For multitask outputs, this function also:
  • Preserves task separation when saving to Zarr (one group per task).

  • Optionally saves raw probability maps if return_probabilities=True (as Zarr only; probabilities cannot be written to AnnotationStore).

  • Merges per-task keys for saving to AnnotationStore, including optional coordinates to establish slide origin.

Parameters:
  • processed_predictions (dict) –

    Task-organized dictionary produced by post-processing (e.g. from post_process_patches or post_process_wsi). For multitask models this typically includes:

    • "probabilities" (optional): list[da.Array] of WSI maps, present if preserved for saving.

    • Per-task sub-dicts (e.g., "semantic", "instance"), each containing task-specific arrays/metadata such as "predictions", "info_dict", etc.

    • "coordinates" (optional): Dask/NumPy array used to set spatial origin when saving vector outputs.

  • output_type (str) – Desired output format. Supported values are: "dict", "zarr", or "annotationstore" (case-sensitive).

  • save_path (Path | None) – Base filesystem path for file outputs. Required for "zarr" and "annotationstore". For Zarr, a save_path.with_suffix(".zarr") group is used. For AnnotationStore, .db files are written (one per image in patch mode, one per WSI in WSI mode). Ignored when output_type="dict".

  • **kwargs (MultiTaskSegmentorRunParams) –

    Additional runtime parameters to configure segmentation.

    Optional Keys:
    auto_get_mask (bool):

    Automatically generate segmentation masks using wsireader.tissue_mask() during processing.

    batch_size (int):

    Number of image patches per forward pass.

    class_dict (dict):

    Mapping of classification outputs to class names.

    device (str):

    Device to run the model on (e.g., “cpu”, “cuda”).

    labels (list):

    Optional labels for input images. Only a single label per image is supported.

    memory_threshold (int):

    Memory usage threshold (percentage) to trigger caching behavior.

    num_workers (int):

    Number of workers for DataLoader and post-processing.

    output_file (str):

    Filename for saving output (e.g., “.zarr” or “.db”).

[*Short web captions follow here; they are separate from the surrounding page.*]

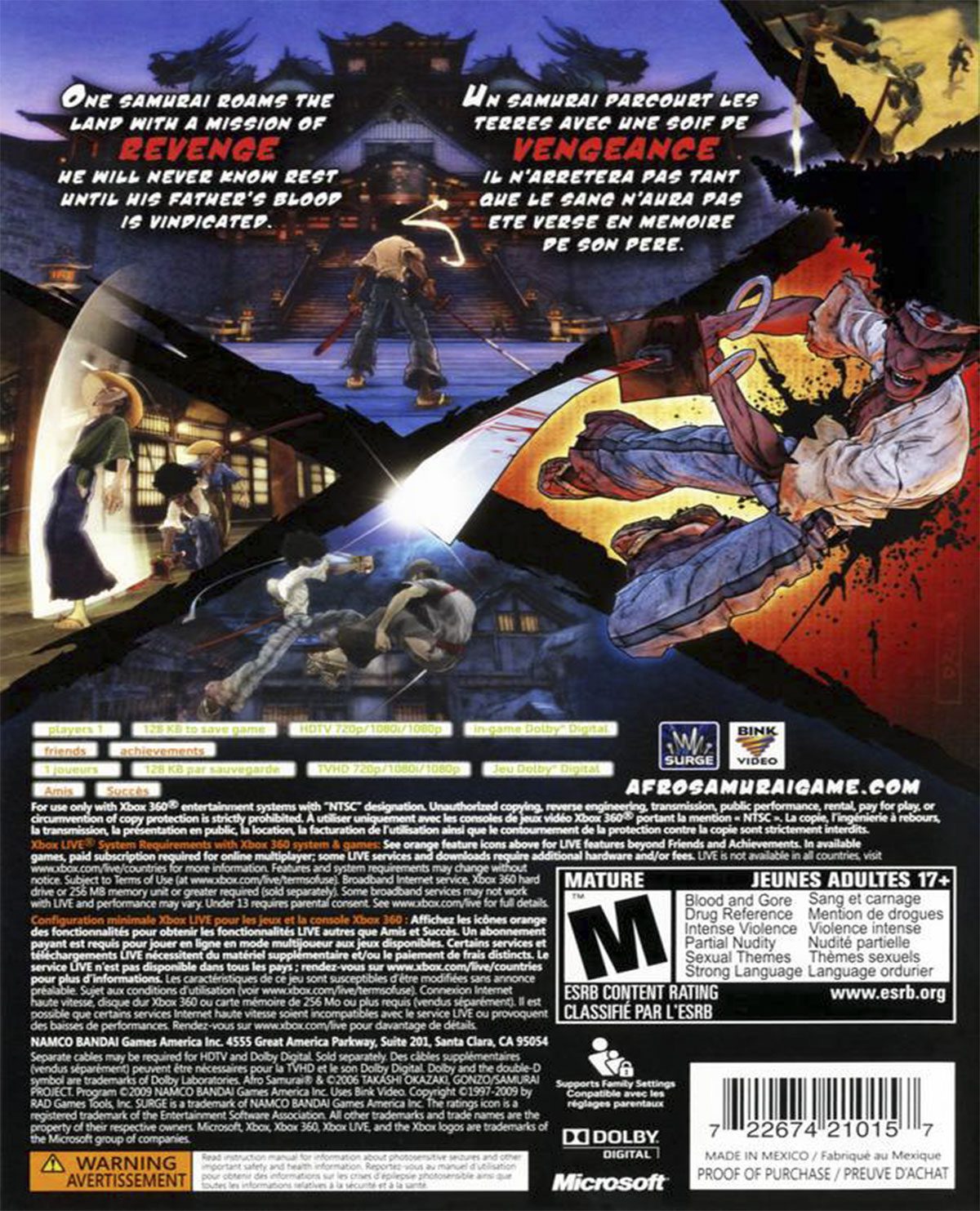AFRO SAMURAI - Image 2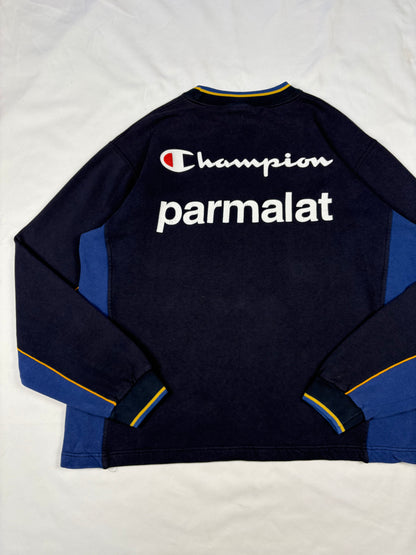 Vintage Parma 90s Champion Football Sweatshirt (L)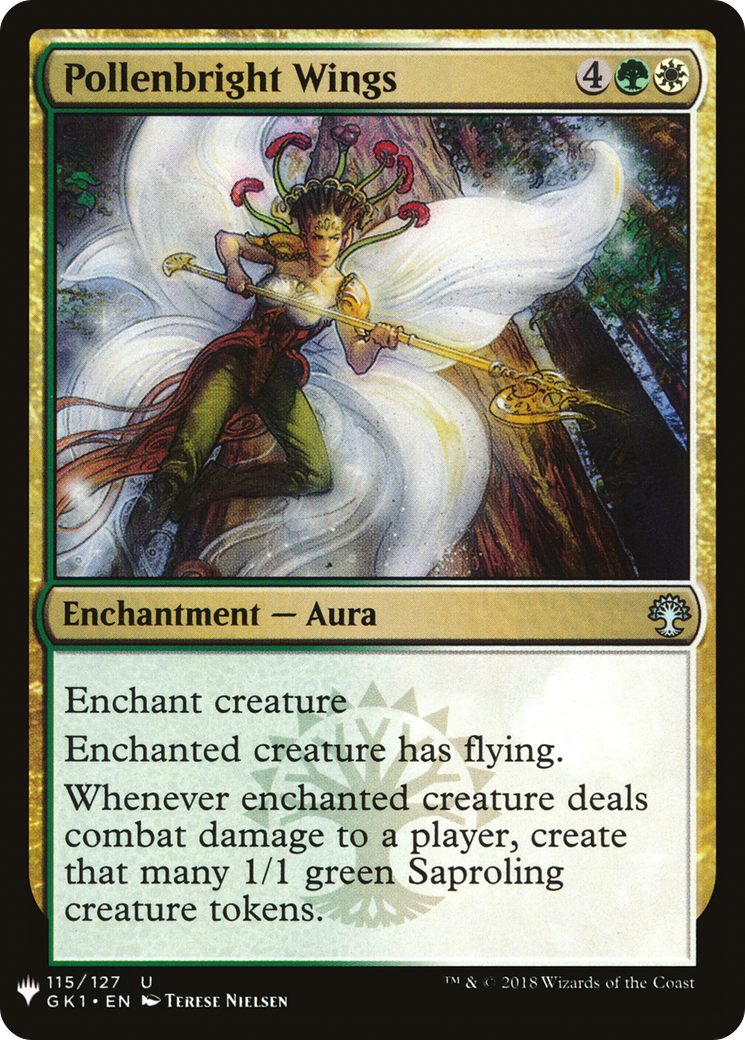 Pollenbright Wings Card Image
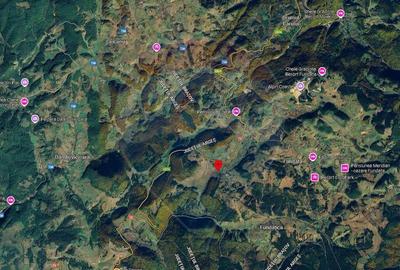 Teren de 1034 mp, în Fundata - 2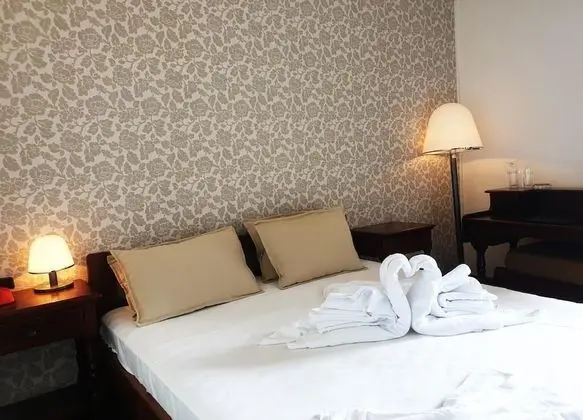 Tek Büyük Yataklı Oda, Bahçe Manzaralı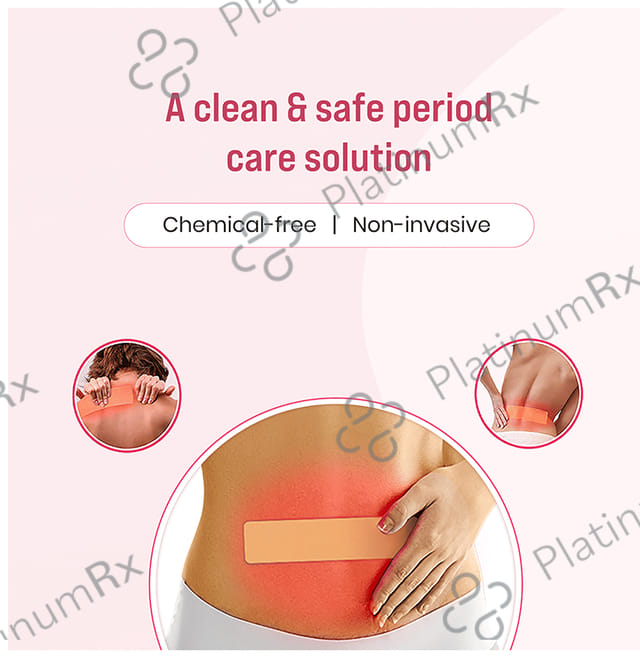 Sirona Feminine Pain Relief Patch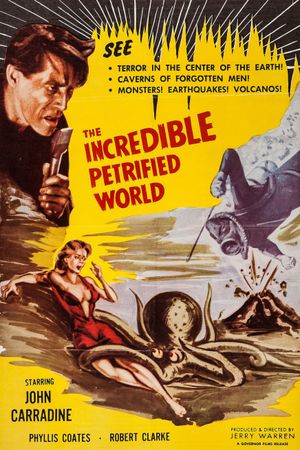 The Incredible Petrified World's poster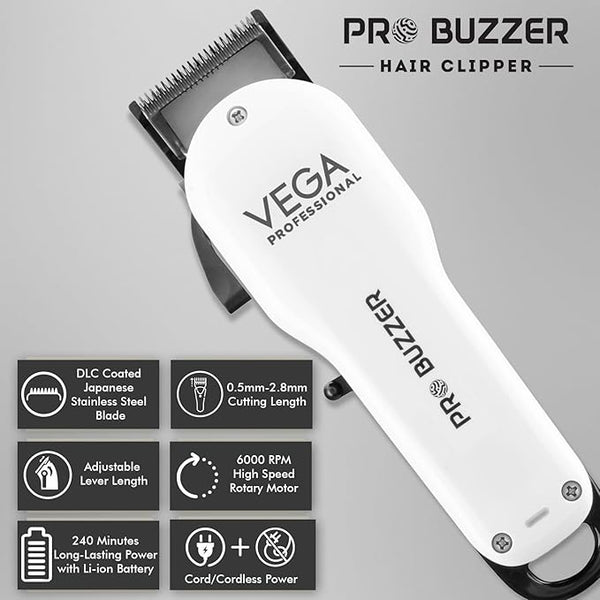 Vega Pro Buzzer Hair Clipper VPMHC-08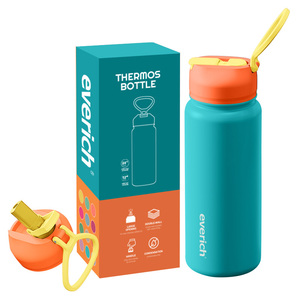 Tapa de Botella de Agua de Acero Inoxidable al por Mayor, a Prueba de Fugas y Libre de BPA, para Viajes y Deportes, Muestra Gratuita de Fábrica - Product Image 6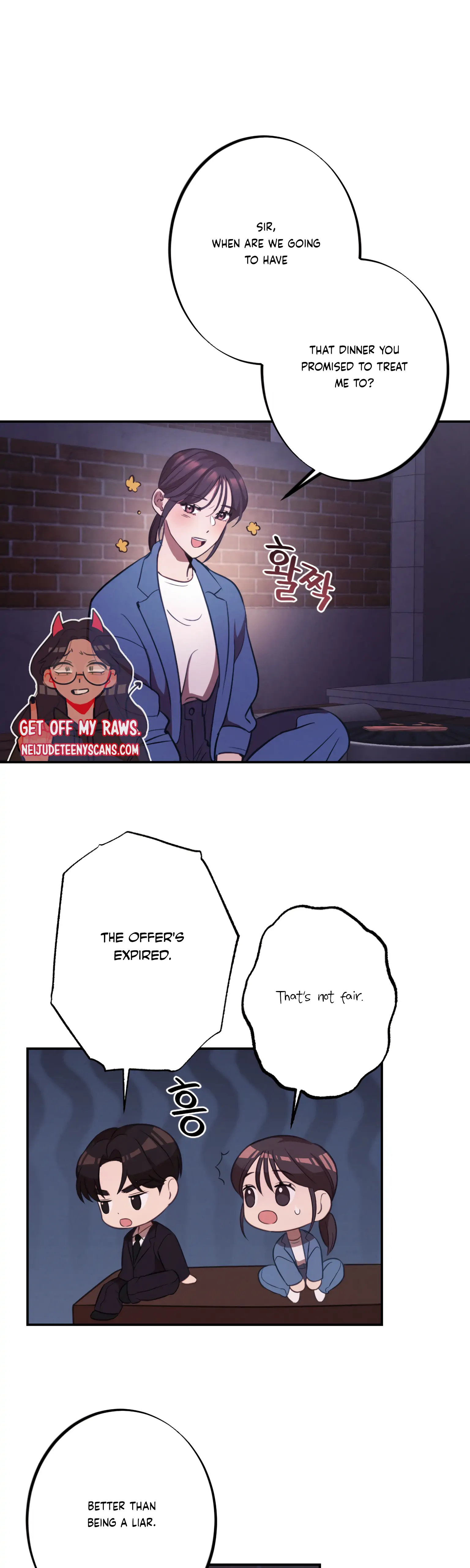 More! Intimate Connection Chapter 16 153 35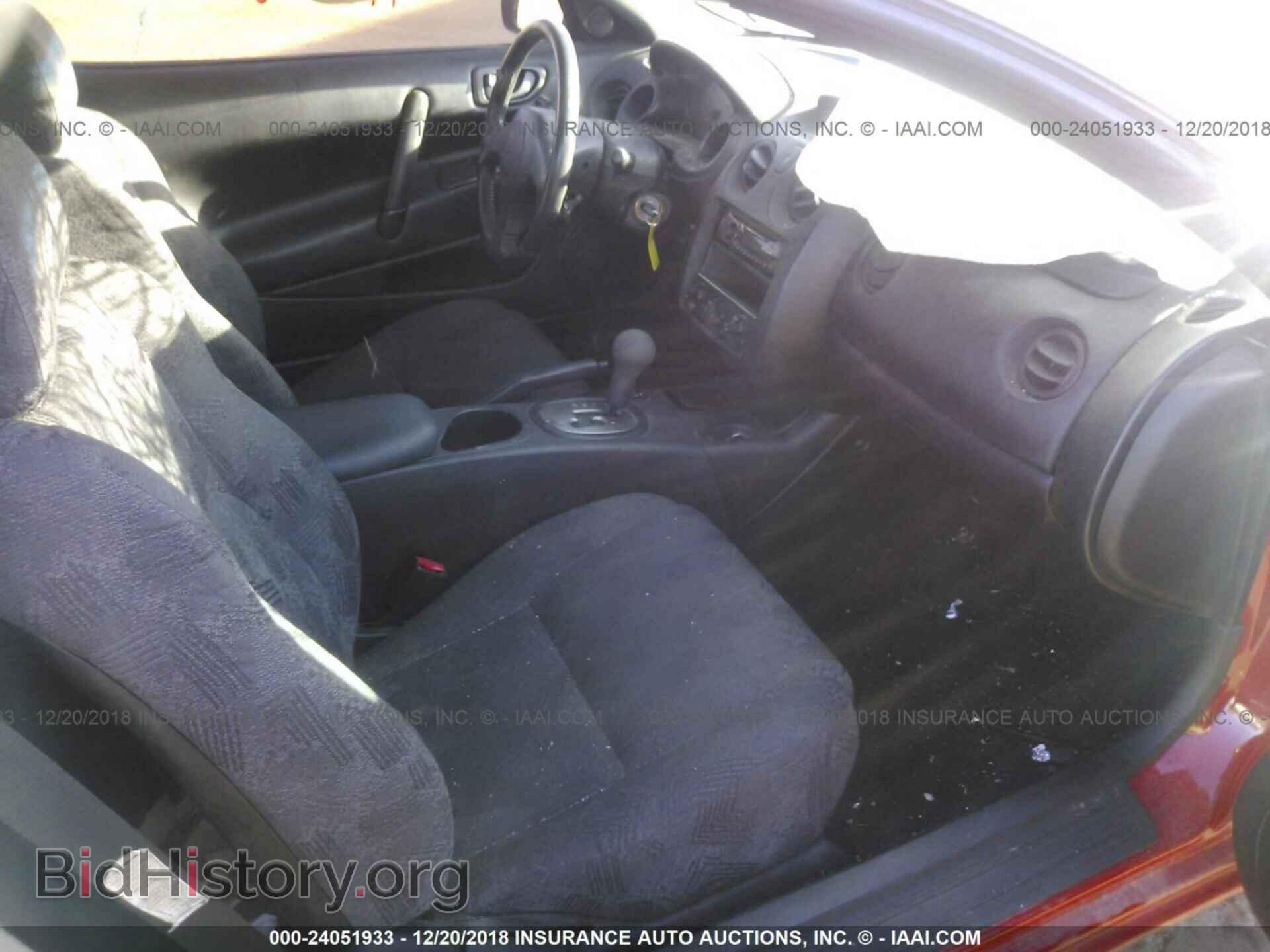 2002 MITSUBISHI ECLIPSE - VIN: 4A3AC44G02E012226 - Photo 5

    output_resolutions (Resolution):

    Resolution used for writing output predictions.

    patch_output_shape (tuple[int, int]):

    Shape of output patches (height, width).

    return_labels (bool):

    Whether to return labels with predictions.

    return_predictions (tuple(bool, …):

    Whether to return array predictions for individual tasks.

    return_probabilities (bool):

    Whether to return per-class probabilities.

    scale_factor (tuple[float, float]):

    Scale factor for annotations (model_mpp / slide_mpp). Used to convert coordinates to baseline resolution.

    stride_shape (tuple[int, int]):

    Stride used during WSI processing. Defaults to patch_input_shape if not provided.

    verbose (bool):

    Whether to enable verbose logging.

  • self (MultiTaskSegmentor)

Returns:

  • If output_type == "dict":

    Returns the (possibly simplified) prediction dictionary. For a single task, the task level is flattened.

  • If output_type == "zarr":

    Returns the Path to the saved .zarr group.

  • If output_type == "annotationstore":

    Returns a list of paths to saved .db files (patch mode), or a single path / store handle for WSI mode. If probability maps were requested for saving, the Zarr path holding those maps may also be included.

Return type:

dict | AnnotationStore | Path | list[Path]

Raises:

TypeError – If an unsupported output_type is provided.

Notes

  • For "dict" and "zarr", saving is delegated to _save_predictions_as_dict_zarr to keep behavior aligned across engines.

  • When output_type == "annotationstore", arrays are first computed (via a Zarr/dict pass) to obtain concrete NumPy payloads suitable for vector export, after which per-task stores are written using _save_predictions_as_annotationstore.

  • If return_probabilities=True, probability maps are written only to Zarr, never to AnnotationStore. A guidance message is logged describing how to visualize heatmaps (e.g., converting to OME-TIFF).